▶ [TASK PROMPT] Return exactly the lines of the entries that start at the line containing "Mini Golden doodle puppies" and continue to the last line. Omit the pictures.

▶ [Entries taken from a collection]
BEGIN

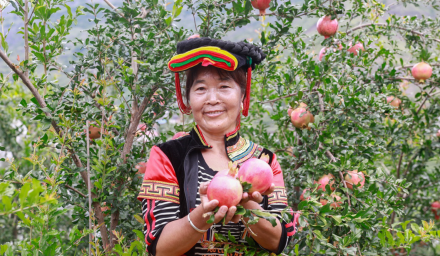 1.1億單助力新農(nóng)業(yè)，拼多多農(nóng)貨節(jié)帶動(dòng)500農(nóng)產(chǎn)區(qū)直連5億消費(fèi)者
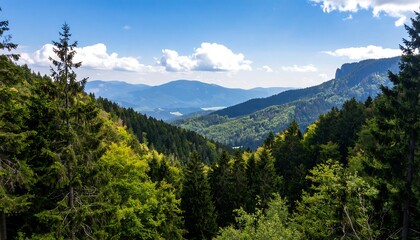 Fototapeta premium Scenic Overview of a Lush Mountain Valley Under a Blue Sky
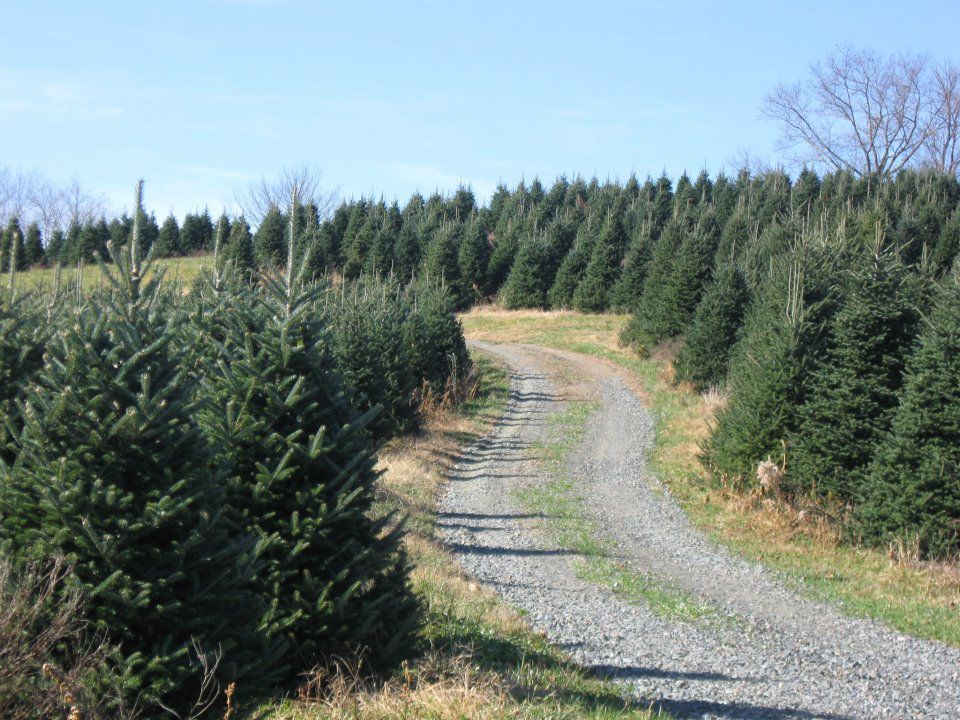 Where to Choose and Cut Your Own Christmas Tree Near Charlotte, NC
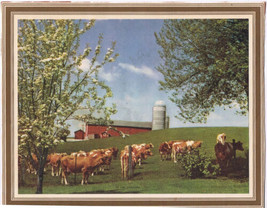 Advertising Picture From Calendar Cows Barn General Steel Wares GSW 8 x 10 - $5.07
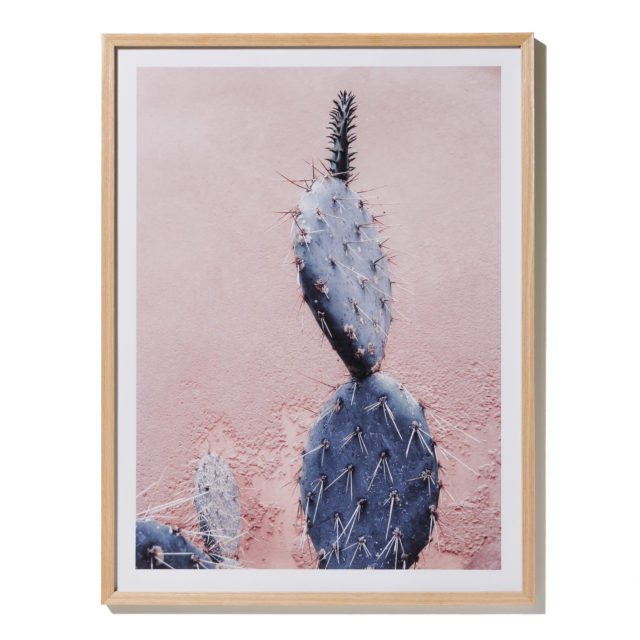 178182f008-hr-amsterdam-photographic-prints-blush-cacti-s16-60x80cm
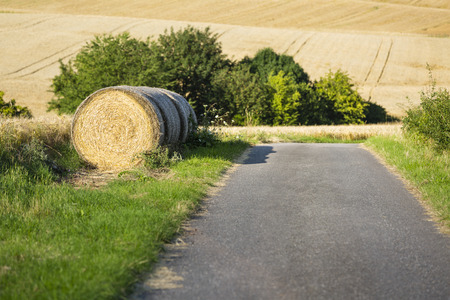 A country road leading past some hay bales on a hill in northern Eifel landscape in Germany with selective focus.の写真素材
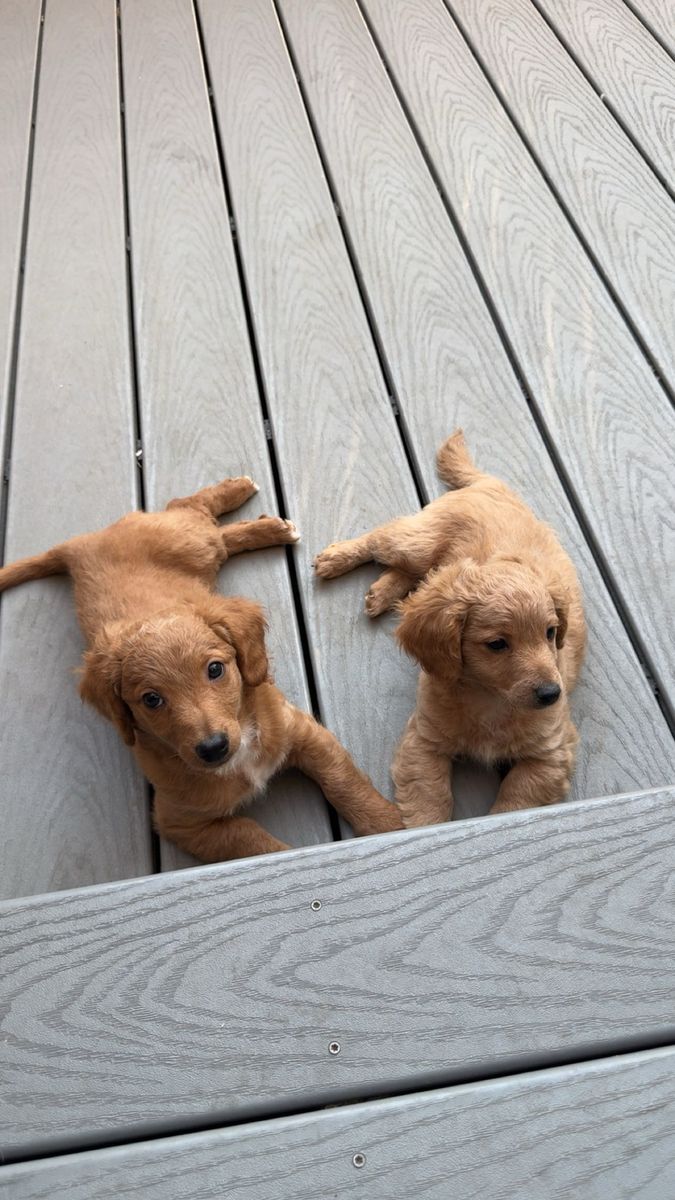 Mini Golden doodle puppies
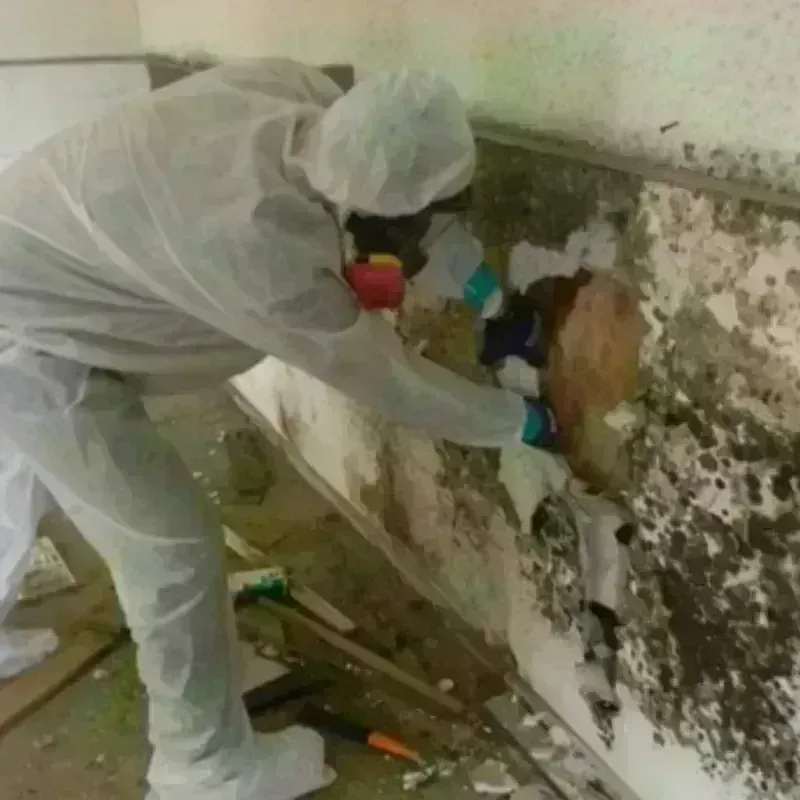 Mold Remediation and Removal in Piperton, TN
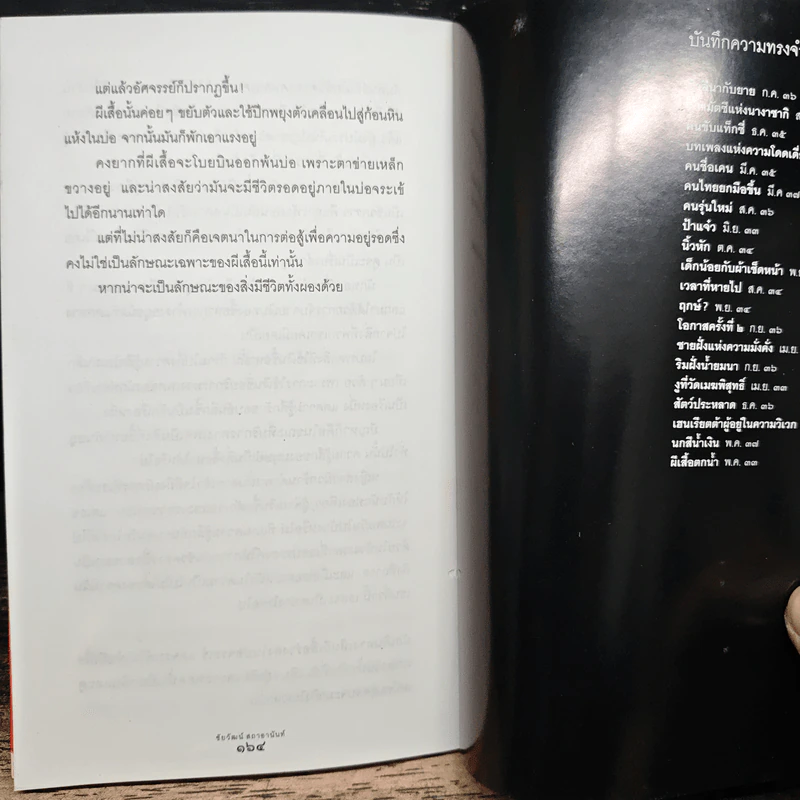 มีกรอบไม่มีเส้น - ชัยวัฒน์ สถาอานันท์ รูปที่ 9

END

▶ [WRITTEN ANSWER]
 Mini Golden doodle puppies
 Mold Remediation and Removal in Piperton, TN
 มีกรอบไม่มีเส้น - ชัยวัฒน์ สถาอานันท์ รูปที่ 9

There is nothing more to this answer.